- Organisatievaardigheden: netjes houden van tas, schriften, etc stimuleren. Netjes kunnen ordenen zorgt ook voor orde in het hoofd.
- Doelgericht gedrag: we houden het doel voor ogen
- Metacognitie: elke les zijn we bezig met: hoe kun je dit anders/beter leren. De leerling wordt aangewend om steeds naar zichzelf te kijken en zich af te vragen: wat gaat goed en wat gaat nog niet goed?
- Inhibitie: door bespreken van opdrachten: eerst nadenken en dan antwoord geven en bespreken hoe het thuis gegaan is met huiswerk maken, of leerlingen leuke dingen konden afzeggen.
- Werkgeheugen: opdrachten maken; met rekenopgaven en antwoord geven op een open vraag moet je informatie vast kunnen houden in het geheugen.
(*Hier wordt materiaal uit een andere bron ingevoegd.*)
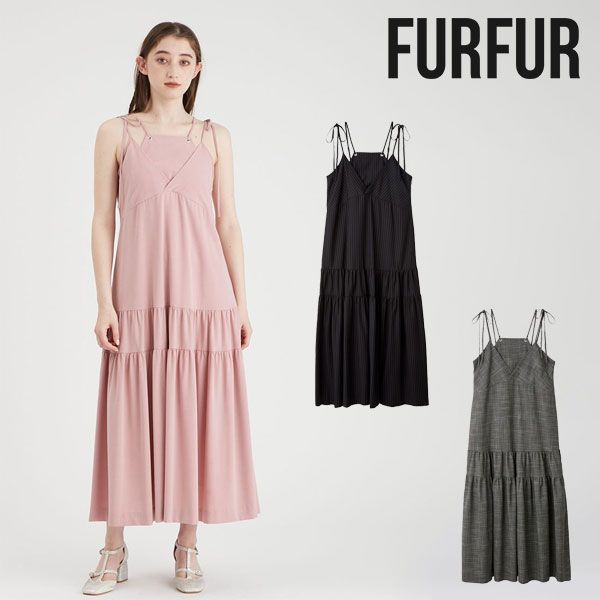 【SALE10%OFF】 【即納】 ファーファー FURFUR ワンピース 24秋冬 ティアードジャンパースカート ノースリーブ キャミソール ロング丈 rwfo244076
Dit hangt samen met concentratie. Concentratie krijgt ook bij ons aandacht.
- Concentratie: tijdens de lessen moeten de leerlingen zich een uur kunnen concentreren. Dat lukt de meeste leerlingen wel. Bespreken hoe ze zich beter kunnen concentreren: leren met/zonder muziek? Welke muziek?
- Taakinitiatie: bespreken van planning; direct aan de slag gegaan of niet. Wat is de reden dat het wel/niet lukte om direct aan de slag te gaan?